11-10-03 13:32, Ray wrote:
> Shouldn't we analyze a sentence's structure on the basis of how it
> meant and was used at that particular stage, rather than on the basis
> of how it used to mean in an earlier stage?
>
> Since a reanalysis had taken place and 'genotudne' carried the
> meaning of a main verb(as opposed to an auxiliary), why not claim it
> is a main verb in the sentence? The speaker who uttered(or wrote)
> that sentence probably treated it as a main verb.
>
> I know it is inflected as an adjective due to the presence of mete,
> but that's where I think the problem lies: The participle-form verb,
> formerly an adjective, now agrees with the object only.
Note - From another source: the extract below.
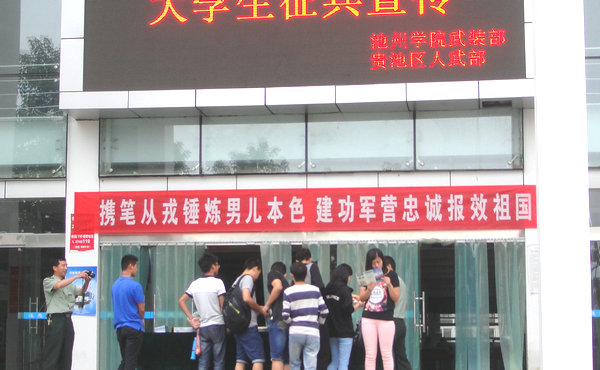 香港六典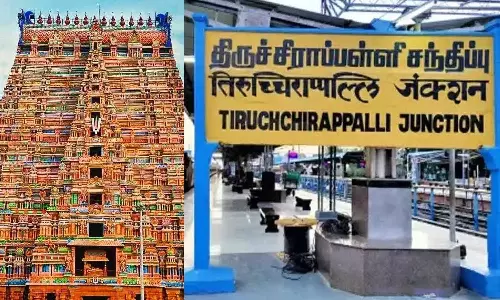 சொர்க்கவாசல் திறப்பு.. ஜனவரி 10 அன்று திருச்சிக்கு உள்ளூர் விடுமுறை அறிவிப்பு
Of course when the past participle was still felt to be part of the
possessive construction, it had to agree with the object in number and
case. The "true perfect" construction, also common in OE, involved an
uninflected past participle. Being "at a transitional stage" means that
a construction remains ambiguous; I suspect that the sentence in
question was still potentially interpretable as a "possessed object plus
complement" construction, especially because of the presence of a
possessive pronoun (<hiora>). The writer may have had used the inflected
participle mechanically, on the analogy of sentences like "They had
their house-ACC built-ACC", ignoring strict logic. It's true that you
can't eat a cake and _have_ it if <have> means literally 'possess, own',
but meaning is a flexible thing, and <have> has always expressed various
kinds of abstract relations. It's this semantic generalisation of <have>
that made the development of the perfect possible.